My friend Sarah Constantin just wrote a post about wage statistics. These are very important, and she deserves applause for bringing them up. However, they must also be used carefully when deciding what job you should pursue. Let’s explore why, taking doctors as an example.
“What Jobs Pay Best? Doctors. Definitely doctors. The top ten highest mean annual wage occupations are all medical specialties. Anesthesiologists top the list, with an average salary of $235,070…. Bottom line: if you want a high-EV profession, be a doctor.”
Statistically, this is totally true. But if you want to become a doctor, and make that high salary, there’s a catch. In fact, there are a lot of catches. (Wages for any job should be ‘adjusted’ up or down for these factors, but doctors make a good case study.)
The first catch is, of course, medical school. Since you must go there to be a doctor, and it’s very expensive, a doctor doesn’t ‘really’ make the salary listed – part of the money must be used for repaying med school tuition. The same is true for college tuition.

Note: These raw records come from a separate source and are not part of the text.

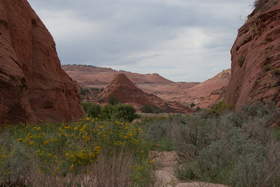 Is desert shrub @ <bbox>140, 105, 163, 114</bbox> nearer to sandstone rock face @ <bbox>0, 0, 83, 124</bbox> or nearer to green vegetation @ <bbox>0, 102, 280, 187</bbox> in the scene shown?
sandstone rock face @ <bbox>0, 0, 83, 124</bbox>

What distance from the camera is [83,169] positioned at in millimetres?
4078

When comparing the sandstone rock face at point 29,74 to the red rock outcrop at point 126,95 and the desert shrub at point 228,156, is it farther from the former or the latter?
the red rock outcrop at point 126,95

The second catch is usually called ‘opportunity cost’. Consider a cashier vs. a doctor. The cashier makes less, but can start making money at age 16. The doctor doesn’t start until 30, on average – he does a lot of work (in school) for which he isn’t compensated. If people start ‘working’ at age 16 and retire at 65, the cashier is paid for all of those hours, while the doctor is only paid for two thirds. To make it a fair comparison, the doctors’ wages must be ‘spread out’, to cover the years he isn’t paid anything.
The third catch makes the first and second catches a much bigger deal than they seem. That’s discount rates. If I offer you $1 in 2040 in exchange for $1 now, you probably say no. Money in the present is worth more than money in the future, which is why loans charge interest.

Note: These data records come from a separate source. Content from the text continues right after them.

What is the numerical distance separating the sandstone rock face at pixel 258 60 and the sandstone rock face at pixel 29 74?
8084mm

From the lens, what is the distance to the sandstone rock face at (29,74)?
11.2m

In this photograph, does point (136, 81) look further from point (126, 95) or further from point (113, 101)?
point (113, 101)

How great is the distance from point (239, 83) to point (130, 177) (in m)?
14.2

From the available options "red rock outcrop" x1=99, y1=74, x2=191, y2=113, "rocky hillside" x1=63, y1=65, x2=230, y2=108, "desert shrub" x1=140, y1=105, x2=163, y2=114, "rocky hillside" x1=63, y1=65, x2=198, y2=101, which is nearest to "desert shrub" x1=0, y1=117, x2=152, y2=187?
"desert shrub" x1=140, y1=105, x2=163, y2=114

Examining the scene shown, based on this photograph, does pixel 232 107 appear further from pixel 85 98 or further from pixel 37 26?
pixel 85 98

For example, $250,000 in med school tuition isn’t that much, spread over a doctor’s career. However, the tuition is due now, while the career earnings may not arrive for thirty or forty years. How much this matters depends on what your ‘effective interest rate’ is. If it’s 5%, then each dollar of med school tuition must be ‘repaid’ by five dollars of additional salary thirty years out, in order to make it a ‘fair’ deal.
There’s also simple number of work hours. If doctors make a lot, but must work eighty hours a week, then a ‘fair’ comparison is to someone who is (eg.) working two forty-hour-a-week cashier jobs.
And finally, we get to more ‘subjective’ (but still very important) factors. Consider IQ. Getting into med school is hard; suppose, picking a number out of a hat, that you must have at least a 115 IQ to enter. If the average manager has a 100 IQ, then if you go into management, you’ll probably make more than the statistical median – the ‘real’ comparison, between doctor and the management job you’d actually have, is less favorable to doctor than it seems. Likewise, if the average physicist has 130 IQ, a doctor going into physics will most likely do worse than median, so the ‘real’ comparison is more favorable to doctor. The same is true for work ethic, charisma, initiative and all the other intangibles.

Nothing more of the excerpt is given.